> _Exercise objective_: Give the records below again exactly, and exclude each picture.
[[ Exercise data, beginning ]]
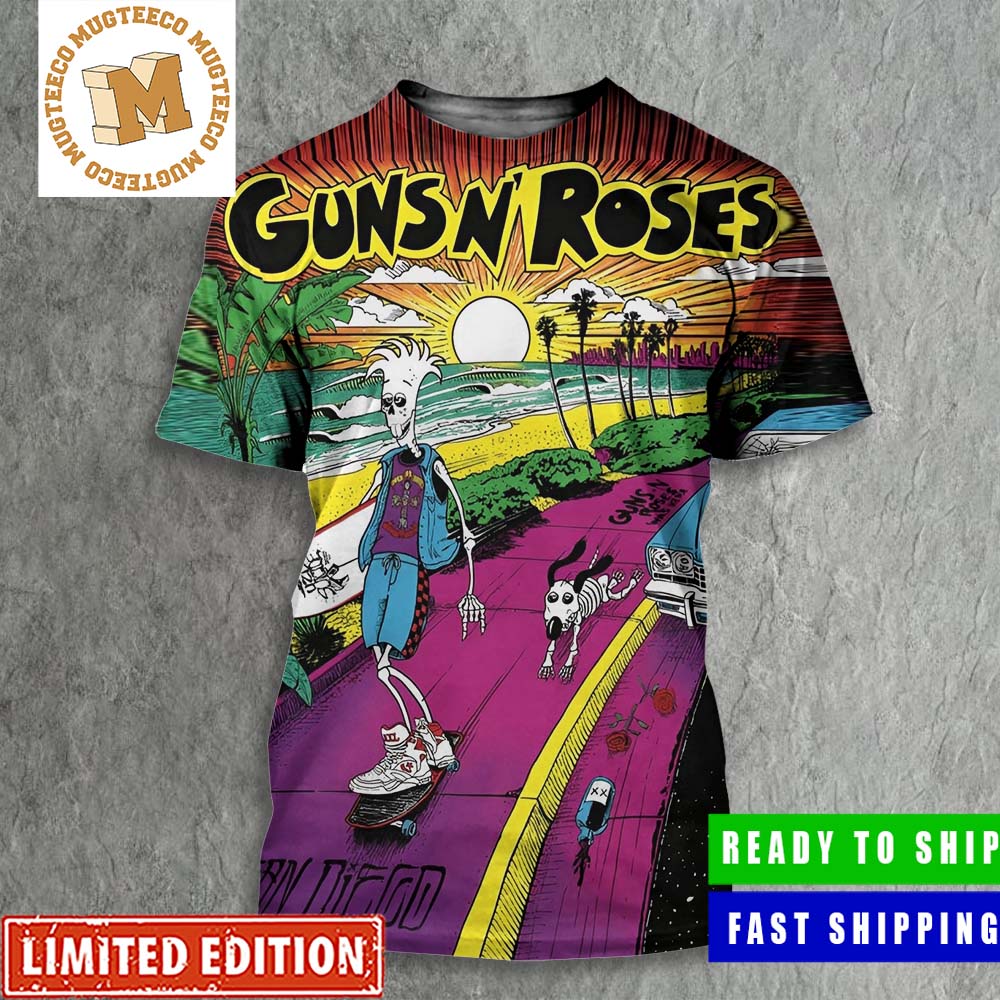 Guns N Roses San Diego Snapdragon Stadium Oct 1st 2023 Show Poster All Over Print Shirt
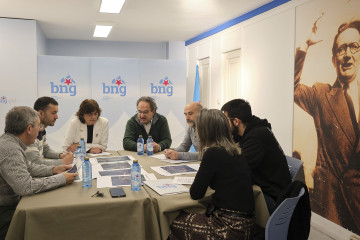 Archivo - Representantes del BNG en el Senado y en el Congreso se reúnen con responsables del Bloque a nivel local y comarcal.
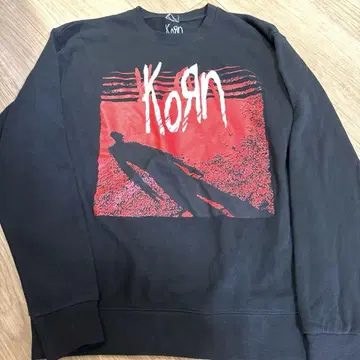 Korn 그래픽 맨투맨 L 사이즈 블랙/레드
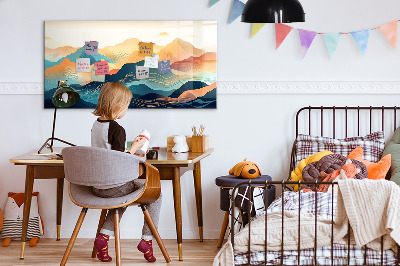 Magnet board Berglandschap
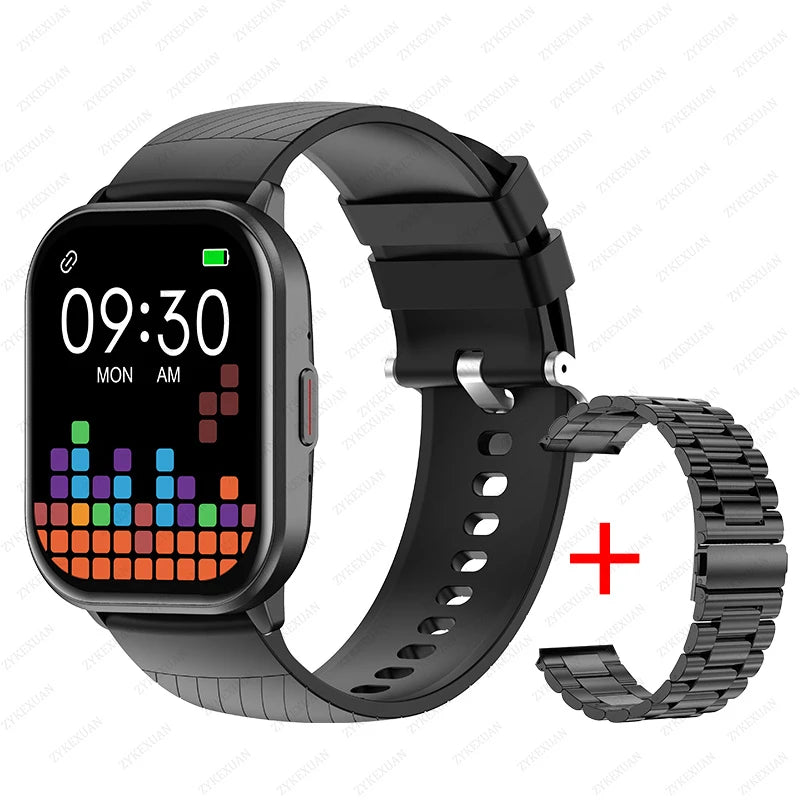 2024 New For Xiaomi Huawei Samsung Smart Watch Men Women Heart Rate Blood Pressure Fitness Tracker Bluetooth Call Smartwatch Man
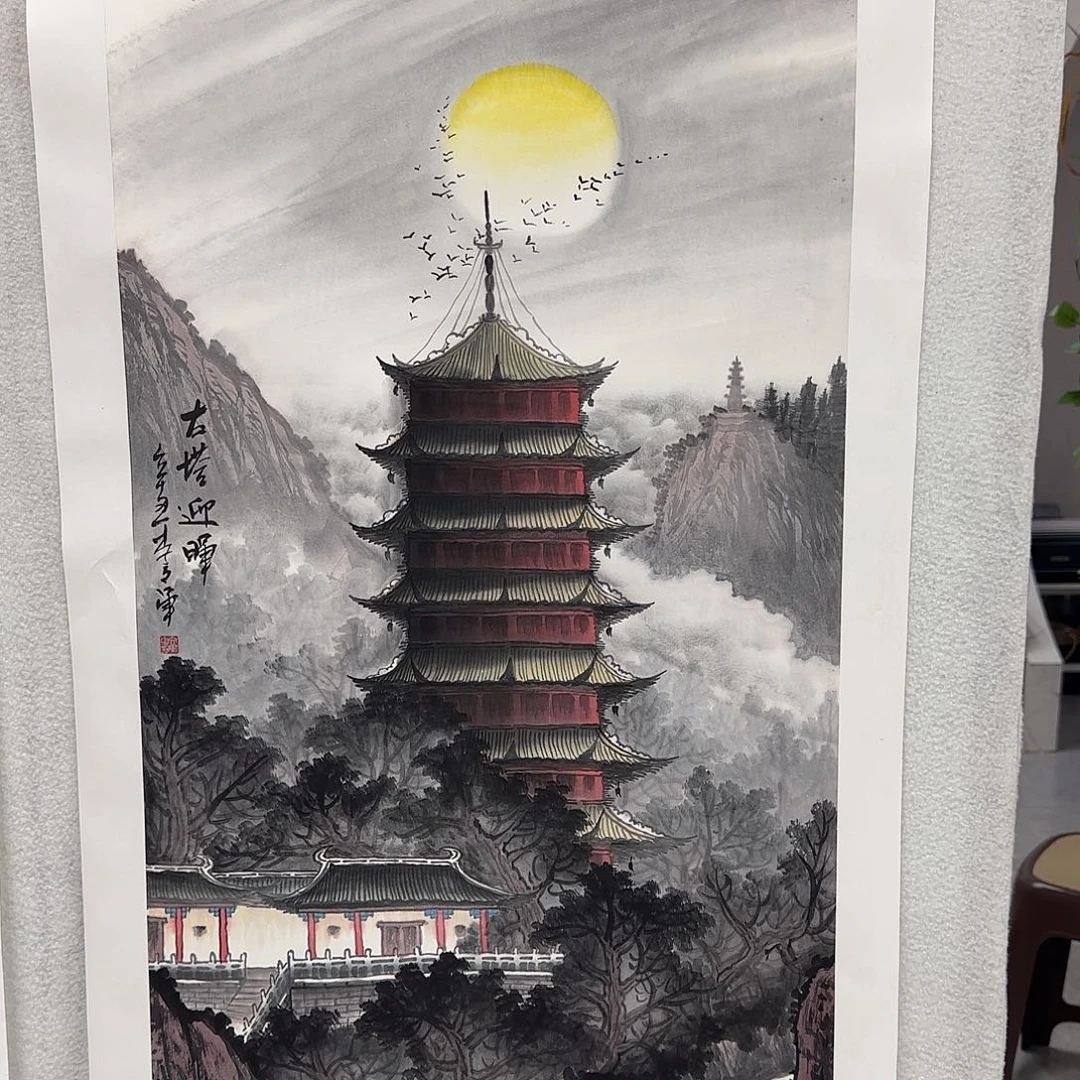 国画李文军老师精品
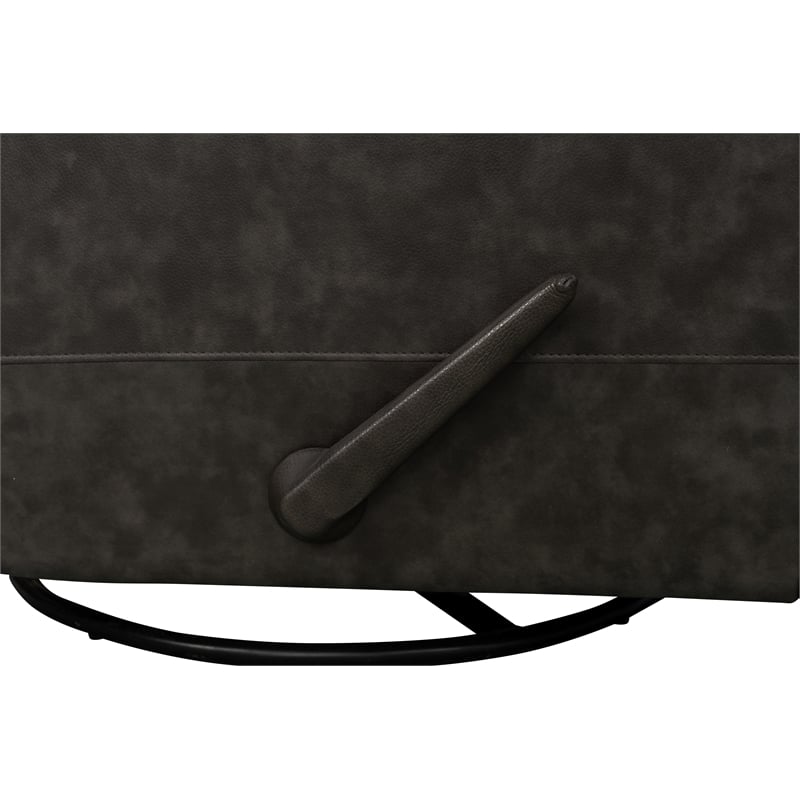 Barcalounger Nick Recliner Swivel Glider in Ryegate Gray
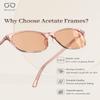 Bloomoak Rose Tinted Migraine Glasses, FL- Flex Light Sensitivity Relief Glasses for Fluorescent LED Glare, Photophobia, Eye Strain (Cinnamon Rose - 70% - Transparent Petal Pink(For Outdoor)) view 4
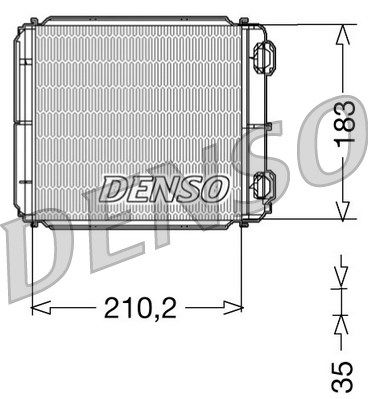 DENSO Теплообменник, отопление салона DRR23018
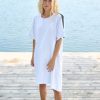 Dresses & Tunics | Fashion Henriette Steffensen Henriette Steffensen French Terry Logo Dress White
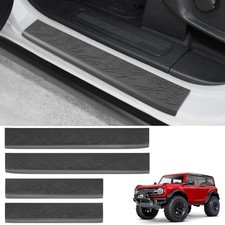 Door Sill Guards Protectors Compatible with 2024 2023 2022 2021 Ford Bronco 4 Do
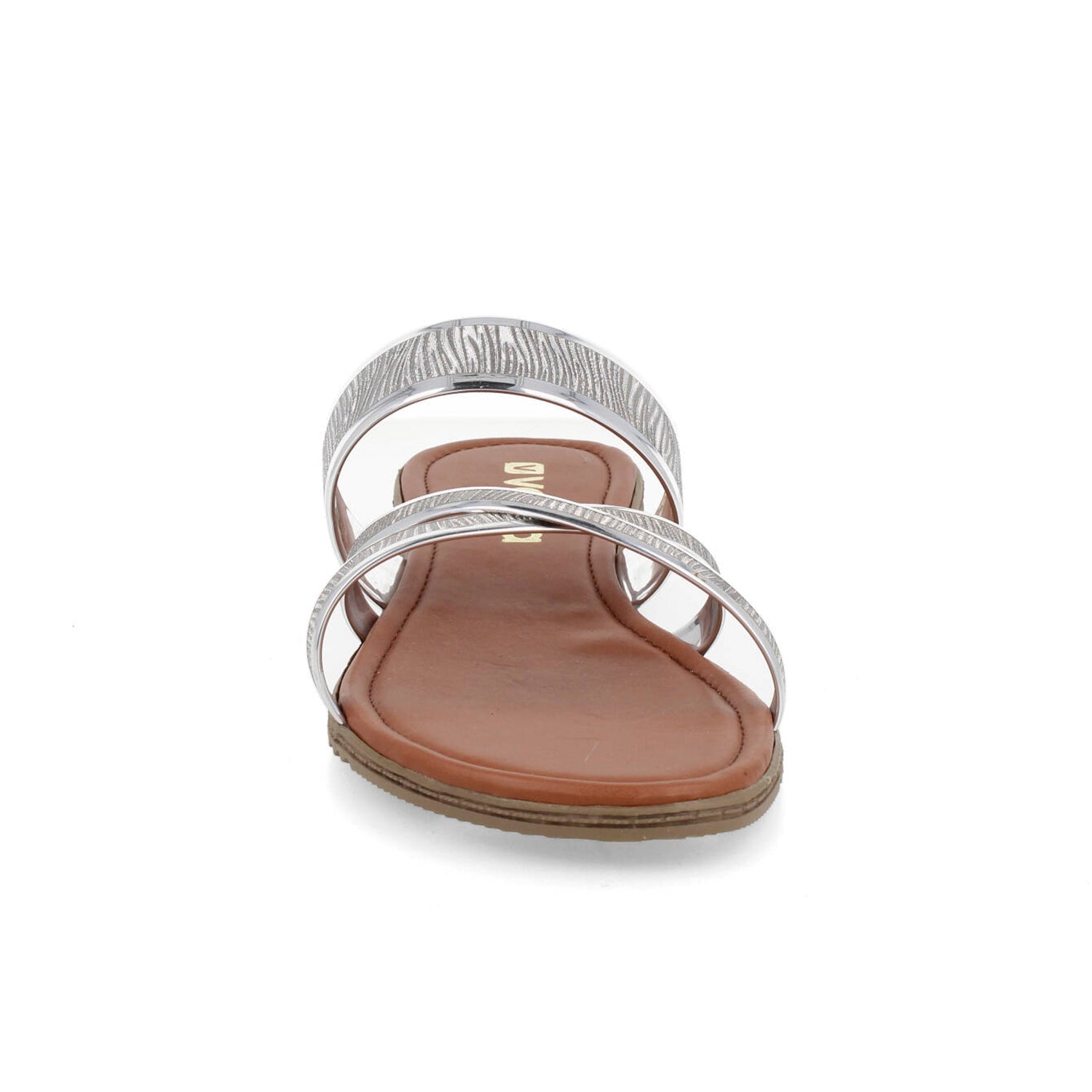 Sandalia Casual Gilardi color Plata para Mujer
[[ Exercise data, end ]]
> _Output of the task_:
 Guns N Roses San Diego Snapdragon Stadium Oct 1st 2023 Show Poster All Over Print Shirt
 Archivo - Representantes del BNG en el Senado y en el Congreso se reúnen con responsables del Bloque a nivel local y comarcal.
 Korn 그래픽 맨투맨 L 사이즈 블랙/레드
 Magnet board Berglandschap
 2024 New For Xiaomi Huawei Samsung Smart Watch Men Women Heart Rate Blood Pressure Fitness Tracker Bluetooth Call Smartwatch Man
 国画李文军老师精品
 Barcalounger Nick Recliner Swivel Glider in Ryegate Gray
 Bloomoak Rose Tinted Migraine Glasses, FL- Flex Light Sensitivity Relief Glasses for Fluorescent LED Glare, Photophobia, Eye Strain (Cinnamon Rose - 70% - Transparent Petal Pink(For Outdoor)) view 4
 DENSO Теплообменник, отопление салона DRR23018
 Dresses & Tunics | Fashion Henriette Steffensen Henriette Steffensen French Terry Logo Dress White
 Door Sill Guards Protectors Compatible with 2024 2023 2022 2021 Ford Bronco 4 Do
 Sandalia Casual Gilardi color Plata para Mujer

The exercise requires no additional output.